# Root PW + Sicherheit



## Bigbutcher (27. August 2003)

Hi ho

ich war grad dabei mich ein bisschen über LInux schlau zu machen und habe diesen Bericht gefunden

http://www.lfs-tipps.de/sections.php?op=viewarticle&artid=74

schön und gut. aber wie kann es sein dass man das root PW so leicht ändern kann? das is doch für jeden eine Einladung der das weiß. 

Klärt mich bitte auf ob ich falsch liege oder nicht.

MfG

BB

PS 
ich bin Windoofnutzer


----------



## Standbye (27. August 2003)

solang du direktn zugriff zur maschie3ne hast ist es immer so einfach da hilft ach linux nichts 

wie gesagt wurde bootest du ja nicht mit dem normalen system du könntest alternativ auch mitknoppix oder so booten und dann das laufwerk mounten und die passwd file per hand ändern.

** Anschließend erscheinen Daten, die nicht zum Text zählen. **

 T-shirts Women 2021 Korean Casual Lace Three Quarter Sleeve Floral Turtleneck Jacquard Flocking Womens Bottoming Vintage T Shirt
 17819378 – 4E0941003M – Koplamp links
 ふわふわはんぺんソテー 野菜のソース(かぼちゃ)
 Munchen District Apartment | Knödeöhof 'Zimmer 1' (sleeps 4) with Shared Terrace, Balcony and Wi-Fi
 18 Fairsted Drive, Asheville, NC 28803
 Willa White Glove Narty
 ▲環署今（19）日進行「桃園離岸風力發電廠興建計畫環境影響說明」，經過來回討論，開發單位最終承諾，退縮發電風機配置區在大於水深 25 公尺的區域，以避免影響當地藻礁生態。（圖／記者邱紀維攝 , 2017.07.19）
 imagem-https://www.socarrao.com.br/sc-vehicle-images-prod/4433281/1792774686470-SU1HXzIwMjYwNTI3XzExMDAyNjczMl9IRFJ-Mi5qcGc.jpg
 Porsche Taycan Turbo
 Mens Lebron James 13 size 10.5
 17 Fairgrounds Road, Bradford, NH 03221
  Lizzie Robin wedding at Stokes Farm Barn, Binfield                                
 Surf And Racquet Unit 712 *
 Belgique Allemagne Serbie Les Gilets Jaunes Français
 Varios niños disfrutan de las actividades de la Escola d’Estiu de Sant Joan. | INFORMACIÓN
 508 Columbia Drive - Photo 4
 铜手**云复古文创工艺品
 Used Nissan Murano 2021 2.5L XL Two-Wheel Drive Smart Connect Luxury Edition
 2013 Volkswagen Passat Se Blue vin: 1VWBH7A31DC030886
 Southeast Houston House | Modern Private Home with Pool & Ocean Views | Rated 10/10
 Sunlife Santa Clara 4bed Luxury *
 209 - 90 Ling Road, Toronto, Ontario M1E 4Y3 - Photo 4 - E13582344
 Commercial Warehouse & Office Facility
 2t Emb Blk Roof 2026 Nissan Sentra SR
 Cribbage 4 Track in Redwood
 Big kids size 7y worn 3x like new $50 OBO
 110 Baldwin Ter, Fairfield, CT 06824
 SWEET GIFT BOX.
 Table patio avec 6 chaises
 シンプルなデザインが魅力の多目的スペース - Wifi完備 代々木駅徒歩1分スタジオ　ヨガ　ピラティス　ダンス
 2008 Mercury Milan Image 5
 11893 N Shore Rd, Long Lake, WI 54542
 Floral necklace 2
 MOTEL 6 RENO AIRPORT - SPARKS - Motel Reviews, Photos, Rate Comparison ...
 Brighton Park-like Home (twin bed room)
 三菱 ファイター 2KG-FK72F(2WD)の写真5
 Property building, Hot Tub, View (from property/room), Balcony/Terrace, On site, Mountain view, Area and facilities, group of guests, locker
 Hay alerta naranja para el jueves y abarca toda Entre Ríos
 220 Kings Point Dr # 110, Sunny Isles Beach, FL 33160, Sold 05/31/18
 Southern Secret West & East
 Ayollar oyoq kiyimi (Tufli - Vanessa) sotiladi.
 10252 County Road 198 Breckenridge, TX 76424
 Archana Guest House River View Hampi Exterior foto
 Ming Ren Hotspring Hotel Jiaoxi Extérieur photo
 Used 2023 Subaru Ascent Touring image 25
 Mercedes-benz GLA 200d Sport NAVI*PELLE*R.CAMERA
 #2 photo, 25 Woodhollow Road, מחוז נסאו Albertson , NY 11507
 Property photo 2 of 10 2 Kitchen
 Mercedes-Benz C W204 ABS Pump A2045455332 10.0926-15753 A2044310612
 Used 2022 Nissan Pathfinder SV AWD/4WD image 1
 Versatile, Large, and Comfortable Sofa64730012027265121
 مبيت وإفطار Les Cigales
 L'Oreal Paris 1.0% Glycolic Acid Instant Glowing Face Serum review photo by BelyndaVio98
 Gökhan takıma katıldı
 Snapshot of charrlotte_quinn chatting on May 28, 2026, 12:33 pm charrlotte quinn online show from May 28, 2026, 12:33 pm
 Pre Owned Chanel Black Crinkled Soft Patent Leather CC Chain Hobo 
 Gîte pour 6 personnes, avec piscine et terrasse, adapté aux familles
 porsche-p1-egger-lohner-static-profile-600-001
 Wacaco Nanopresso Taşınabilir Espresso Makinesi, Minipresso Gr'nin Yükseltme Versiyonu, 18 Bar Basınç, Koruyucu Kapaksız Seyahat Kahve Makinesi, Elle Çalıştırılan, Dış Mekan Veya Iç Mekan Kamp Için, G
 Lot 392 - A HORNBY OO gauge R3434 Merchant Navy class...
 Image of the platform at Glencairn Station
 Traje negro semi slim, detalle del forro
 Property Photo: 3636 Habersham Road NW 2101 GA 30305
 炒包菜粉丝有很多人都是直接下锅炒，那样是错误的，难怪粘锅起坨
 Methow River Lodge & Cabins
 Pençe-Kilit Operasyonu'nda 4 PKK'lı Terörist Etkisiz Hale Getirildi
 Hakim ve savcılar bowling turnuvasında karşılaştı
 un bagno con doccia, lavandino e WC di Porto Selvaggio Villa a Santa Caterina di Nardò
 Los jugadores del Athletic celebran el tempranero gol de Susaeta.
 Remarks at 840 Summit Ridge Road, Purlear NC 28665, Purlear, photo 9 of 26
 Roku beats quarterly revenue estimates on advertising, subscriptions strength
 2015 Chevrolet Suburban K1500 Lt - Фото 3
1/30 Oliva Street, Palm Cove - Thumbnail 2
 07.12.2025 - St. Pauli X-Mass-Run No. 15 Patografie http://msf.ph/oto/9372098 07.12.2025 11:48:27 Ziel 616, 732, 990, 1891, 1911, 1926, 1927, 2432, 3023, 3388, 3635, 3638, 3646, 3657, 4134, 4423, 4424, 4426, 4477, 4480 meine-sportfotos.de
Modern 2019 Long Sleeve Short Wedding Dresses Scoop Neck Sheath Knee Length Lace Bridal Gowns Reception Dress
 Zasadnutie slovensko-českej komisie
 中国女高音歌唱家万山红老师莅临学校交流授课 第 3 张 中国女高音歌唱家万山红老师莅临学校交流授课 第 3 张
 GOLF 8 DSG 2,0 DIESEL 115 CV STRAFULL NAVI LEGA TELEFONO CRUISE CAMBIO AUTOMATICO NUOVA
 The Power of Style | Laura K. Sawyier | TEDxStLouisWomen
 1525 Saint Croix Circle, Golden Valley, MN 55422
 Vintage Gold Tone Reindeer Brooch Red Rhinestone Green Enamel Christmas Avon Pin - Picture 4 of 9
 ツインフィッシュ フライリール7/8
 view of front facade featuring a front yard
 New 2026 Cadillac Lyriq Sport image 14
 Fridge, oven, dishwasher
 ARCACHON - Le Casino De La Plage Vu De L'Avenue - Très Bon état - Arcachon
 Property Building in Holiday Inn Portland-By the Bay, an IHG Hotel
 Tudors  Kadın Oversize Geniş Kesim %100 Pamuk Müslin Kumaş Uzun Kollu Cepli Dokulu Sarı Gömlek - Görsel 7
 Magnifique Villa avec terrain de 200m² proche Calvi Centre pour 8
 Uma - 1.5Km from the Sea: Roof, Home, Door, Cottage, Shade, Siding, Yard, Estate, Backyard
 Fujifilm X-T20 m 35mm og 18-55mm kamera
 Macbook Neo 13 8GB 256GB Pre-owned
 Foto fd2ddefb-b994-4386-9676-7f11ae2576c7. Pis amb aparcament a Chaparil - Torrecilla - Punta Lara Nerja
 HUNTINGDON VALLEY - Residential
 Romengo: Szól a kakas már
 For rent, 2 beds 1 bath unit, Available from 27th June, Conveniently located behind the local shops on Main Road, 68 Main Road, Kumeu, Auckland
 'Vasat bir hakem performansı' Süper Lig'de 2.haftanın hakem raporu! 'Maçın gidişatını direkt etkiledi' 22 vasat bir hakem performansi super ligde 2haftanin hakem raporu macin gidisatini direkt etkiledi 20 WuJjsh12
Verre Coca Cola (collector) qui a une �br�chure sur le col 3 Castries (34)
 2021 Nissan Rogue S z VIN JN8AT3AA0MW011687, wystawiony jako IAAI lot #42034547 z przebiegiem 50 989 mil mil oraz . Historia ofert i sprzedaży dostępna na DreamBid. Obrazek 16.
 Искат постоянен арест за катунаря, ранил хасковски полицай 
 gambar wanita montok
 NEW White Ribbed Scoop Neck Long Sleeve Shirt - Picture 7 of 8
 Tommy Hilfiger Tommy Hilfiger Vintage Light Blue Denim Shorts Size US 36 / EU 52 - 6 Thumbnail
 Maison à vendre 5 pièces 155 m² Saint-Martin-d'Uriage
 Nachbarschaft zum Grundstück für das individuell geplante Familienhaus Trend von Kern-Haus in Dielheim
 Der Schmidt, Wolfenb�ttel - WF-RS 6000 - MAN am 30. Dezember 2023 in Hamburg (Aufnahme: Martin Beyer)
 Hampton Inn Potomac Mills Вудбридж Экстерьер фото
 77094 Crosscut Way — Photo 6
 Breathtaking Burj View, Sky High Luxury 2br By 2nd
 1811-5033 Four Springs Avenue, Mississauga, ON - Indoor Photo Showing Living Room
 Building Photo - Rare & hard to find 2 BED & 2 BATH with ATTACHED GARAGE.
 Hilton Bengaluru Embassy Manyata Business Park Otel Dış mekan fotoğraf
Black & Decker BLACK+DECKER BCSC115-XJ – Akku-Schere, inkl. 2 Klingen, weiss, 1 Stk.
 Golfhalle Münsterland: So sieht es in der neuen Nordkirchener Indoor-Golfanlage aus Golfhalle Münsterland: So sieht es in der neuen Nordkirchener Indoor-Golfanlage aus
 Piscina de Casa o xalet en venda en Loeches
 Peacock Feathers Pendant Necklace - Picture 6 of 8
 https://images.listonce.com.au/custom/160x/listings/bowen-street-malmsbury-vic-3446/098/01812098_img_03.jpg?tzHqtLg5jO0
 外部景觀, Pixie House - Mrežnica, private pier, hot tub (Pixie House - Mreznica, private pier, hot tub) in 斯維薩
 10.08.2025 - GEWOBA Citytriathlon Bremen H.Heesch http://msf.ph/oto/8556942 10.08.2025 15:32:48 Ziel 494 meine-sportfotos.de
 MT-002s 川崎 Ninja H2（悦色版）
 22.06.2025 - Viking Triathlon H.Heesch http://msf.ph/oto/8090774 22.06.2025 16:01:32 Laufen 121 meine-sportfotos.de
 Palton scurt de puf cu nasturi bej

aber wie gesagt geht das ur wenn du direkten zugang zum gerät hast


----------



## Christian Fein (27. August 2003)

Du brauchst root zugang um den Server zu restarten.


----------



## Standbye (27. August 2003)

> _Original geschrieben von Christian Fein _
> *Du brauchst root zugang um den Server zu restarten.
> *



direkter zugang = resetknopf also fällt das weg )

bzw ausschalten einschalten


----------



## Christian Fein (27. August 2003)

> _Original geschrieben von Standbye _
> *direkter zugang = resetknopf also fällt das weg )
> 
> bzw ausschalten einschalten *



Wenn der Admin seine Tür nicht abschliesst, selber schuld.

Kein Betriebbsystem ist dagegen gefeit. 

Aber normalerweise steht der Hacker nicht mit Kaffee und Kuchen
an der bürotür. 

PS: Richtige Server stehen zudem noch in einem Serverschrank, welcher
natürlich abschliessbar ist.


----------



## Standbye (27. August 2003)

stimmt schon aber wie in dem arktikel beschrieben wird brauchst u soweiso zwingend zugang zum system

per ssh kriegst du die lilo meldungen nicht angezeigt (maximal in den logs; ) oder verbindest dich mit console


----------



## Christian Fein (27. August 2003)

Wem mal das Windows XP/2k/NT  Administrator Passwort verliert
Kann es hiermit ändern:
http://masterbootrecord.de/docs/bootdisketten.php


----------